Julie Langsam
This exhibition features several recent paintings from Langsam’s long-running series of banded montages that set nearly monochromatic, tightly rendered views of iconic modernist buildings on top of a band of gridded abstract motifs inspired by classic modernist paintings and beneath ominously lit skies that invoke Romantic landscape painting. The skies are, in fact, loose renderings (rather than transcriptions) of skies from Hudson River landscape painting, but they also uncannily recall the pre-Romantic Baroque skies of Giovanni Lanfranco (1582-1647), who himself anticipated Goya in his St. Augustine cycle. This circuitous route of painterly iconography underscores Langsam’s own “passion” for painting and Modernism, where even Romanticism is revealed to be a construct with foundations appearing close to two centuries earlier than what is held to be its historical moment.

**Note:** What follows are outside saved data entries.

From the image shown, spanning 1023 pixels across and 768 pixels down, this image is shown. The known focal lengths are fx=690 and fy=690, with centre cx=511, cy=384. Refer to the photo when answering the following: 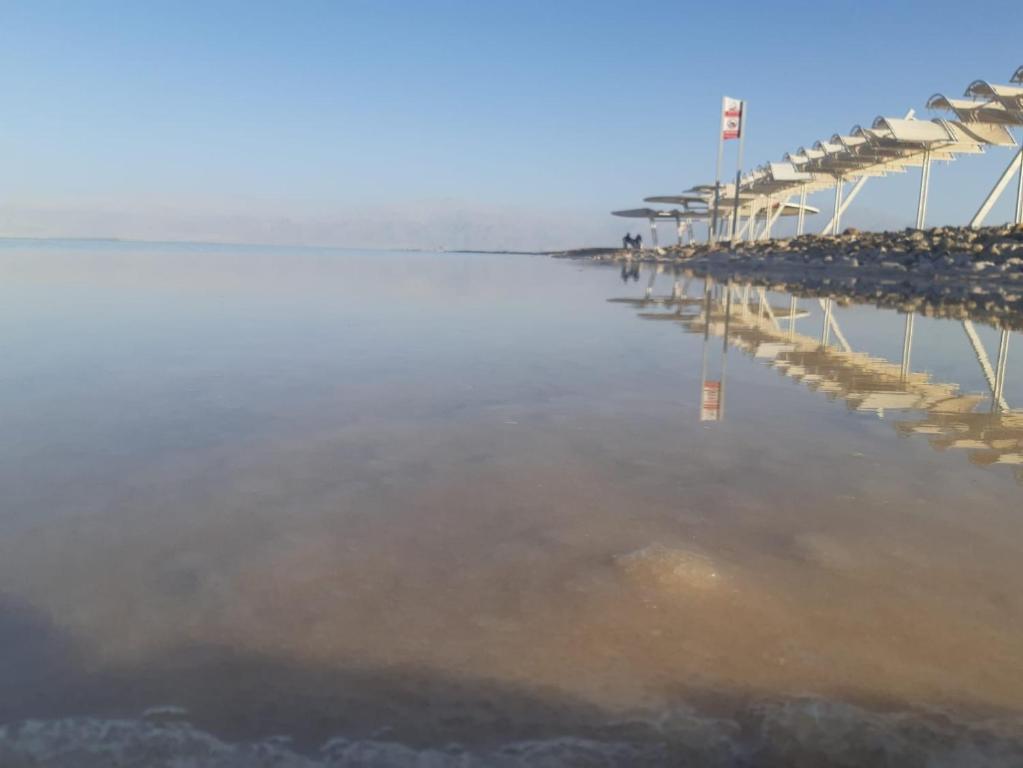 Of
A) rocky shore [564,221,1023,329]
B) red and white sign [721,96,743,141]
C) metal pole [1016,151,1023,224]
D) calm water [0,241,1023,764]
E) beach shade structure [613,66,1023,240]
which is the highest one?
red and white sign [721,96,743,141]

The three spaces in her paintings are thematically linked and illusionistically self-cancelling. The “landscape” is pure design, the “photographic” Corbusier or Neutra house refuses to be illuminated by either the pattern below or the ominous atmosphere above. Langsam has described this conflicted space as a “ ‘nowhere’ – which can only exist in the fiction/reality of painting.” For Langsam, this “nowhere” is symptomatic of our desire for unrealizable sublimities proposed by Modernist ideals. At the same time, she regards herself as just a susceptible to these same desires. A lapsing Modernist, Langsam trades a narrow purity for enriching irony, while refusing to relinquish an ambition for a formal beauty and movement. Painting, for Langsam is a visual site for negotiating with her faith and disappointment. Like a good nouveau realisme film, her paintings are funny, sad, and grand.